Yes, I afraid the bitcode reader (as some other parts of LLVM) are not
robust enough to withstand fuzzing. :frowning:
Note that if we want to use libFuzzer (which is an in-process fuzzer) the
target should not assert/abort/exit on any input (if it's not a bug).

Is there any incentive to change that? A google Summer of Code project maybe?

Michael

> Yes, I used to run clang-fuzzer and clang-format-fuzzer on this bot, but
not
> any more.
> The reason is simple -- the bot was always red (well, orange) and the
bugs
> were never fixed.
>
> Currently we run clang-fuzzer (but not clang-format-fuzzer) on our
internal
> fuzzing infra
> and Richard has fixed at least one bug found this way.
> http://llvm.org/viewvc/llvm-project?view=revision&revision=291030
>
> My llvm fuzzing bot was pretty naive and simple.
> If we want proper continuous fuzzing for parts of LLVM we either need to
> build a separate "real" continuous fuzzing process,
> or use an existing one. Luckily, there is one :slight_smile:
> As a pilot I've recently added the cxa_demangler_fuzzer to OSS-Fuzz:
> https://github.com/google/oss-fuzz/tree/master/projects/llvm_libcxxabi
> It even found one bug which Mehdi already fixed!
> http://llvm.org/viewvc/llvm-project?view=revision&revision=293330
> The bug report itself will become public in ~4 days:
> 370 - oss-fuzz - OSS-Fuzz: Fuzzing the planet - Monorail

Thanks for the explanation.

>> > Another (obvious?) fuzzing candidate would be the LLVM's bitcode
>> > reader. I ran afl-fuzz on it and it found lots of failed assertions
>> > within seconds. Isn't fuzzing done on a regular basis as [1] suggests
>> > should be done? Should I report the crashes found by it?
>>
>> The bitcode reader is known to not be robust against malformed inputs.
>
>
> Yes, I afraid the bitcode reader (as some other parts of LLVM) are not
> robust enough to withstand fuzzing. :frowning:
> Note that if we want to use libFuzzer (which is an in-process fuzzer) the
> target should not assert/abort/exit on any input (if it's not a bug).

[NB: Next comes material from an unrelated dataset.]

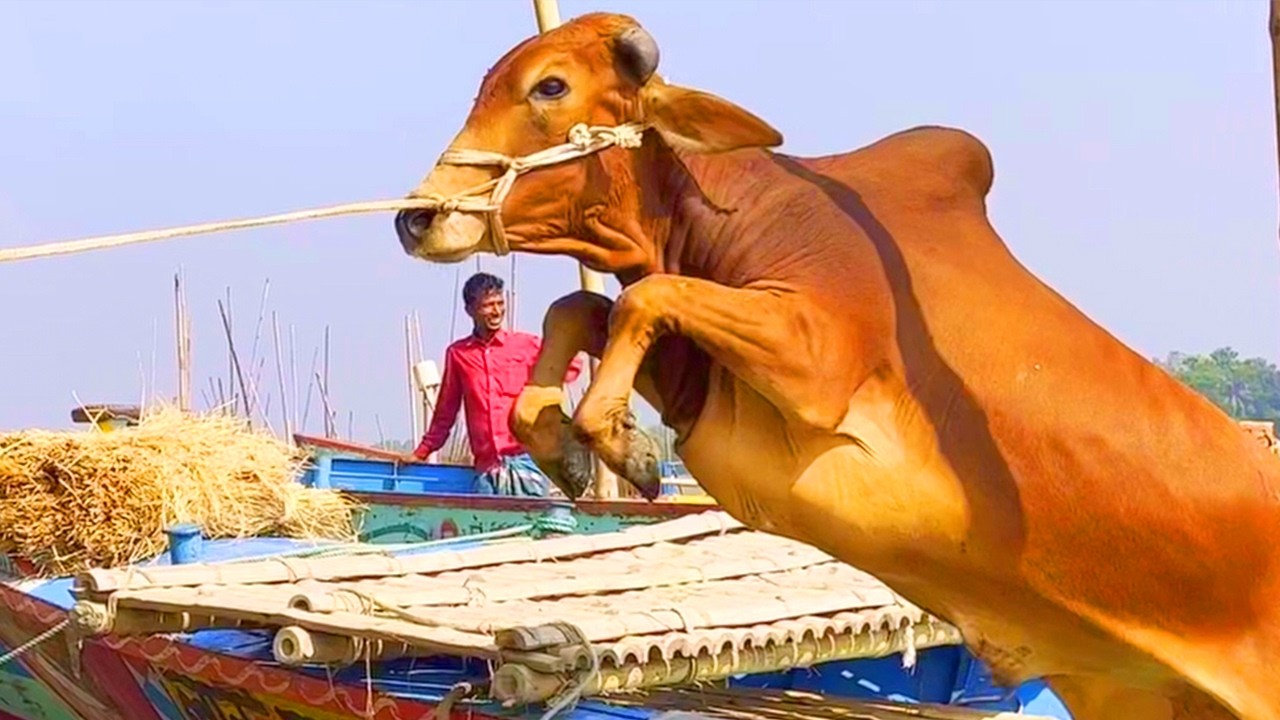 cow unloading, cow videos, cow video, animal, big cow, goru hamba cow, Ep- 311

Is there any incentive to change that?

Not that I know of.

A google Summer of Code project maybe?

Maybe.
The bottleneck is not bug finding, but bug fixing, which sometimes may
require large changes.
And doing code review for such changes might be more work than just making
them.

--kcc

For the bitcode for example, I wouldn’t expect it to be large changes that would be complicated to review. However these are still tedious bugs to fix.
About a GSOC, my own personal opinion is that we should try to give interesting / fun projects to student and not use them as cheap labor to fix the small bugs and issues we’re not able to prioritize ourself.

My 2 cents :slight_smile:

> Yes, I used to run clang-fuzzer and clang-format-fuzzer on this bot,
but not
> any more.
> The reason is simple -- the bot was always red (well, orange) and the
bugs
> were never fixed.
>
> Currently we run clang-fuzzer (but not clang-format-fuzzer) on our
internal
> fuzzing infra
> and Richard has fixed at least one bug found this way.
> http://llvm.org/viewvc/llvm-project?view=revision&revision=291030
>
> My llvm fuzzing bot was pretty naive and simple.
> If we want proper continuous fuzzing for parts of LLVM we either need to
> build a separate "real" continuous fuzzing process,
> or use an existing one. Luckily, there is one :slight_smile:
> As a pilot I've recently added the cxa_demangler_fuzzer to OSS-Fuzz:
> https://github.com/google/oss-fuzz/tree/master/projects/llvm_libcxxabi
> It even found one bug which Mehdi already fixed!
> http://llvm.org/viewvc/llvm-project?view=revision&revision=293330
> The bug report itself will become public in ~4 days:
> 370 - oss-fuzz - OSS-Fuzz: Fuzzing the planet - Monorail

Thanks for the explanation.

>> > Another (obvious?) fuzzing candidate would be the LLVM's bitcode
>> > reader. I ran afl-fuzz on it and it found lots of failed assertions
>> > within seconds. Isn't fuzzing done on a regular basis as [1] suggests
>> > should be done? Should I report the crashes found by it?
>>
>> The bitcode reader is known to not be robust against malformed inputs.
>
>
> Yes, I afraid the bitcode reader (as some other parts of LLVM) are not
> robust enough to withstand fuzzing. :frowning:
> Note that if we want to use libFuzzer (which is an in-process fuzzer)
the
> target should not assert/abort/exit on any input (if it's not a bug).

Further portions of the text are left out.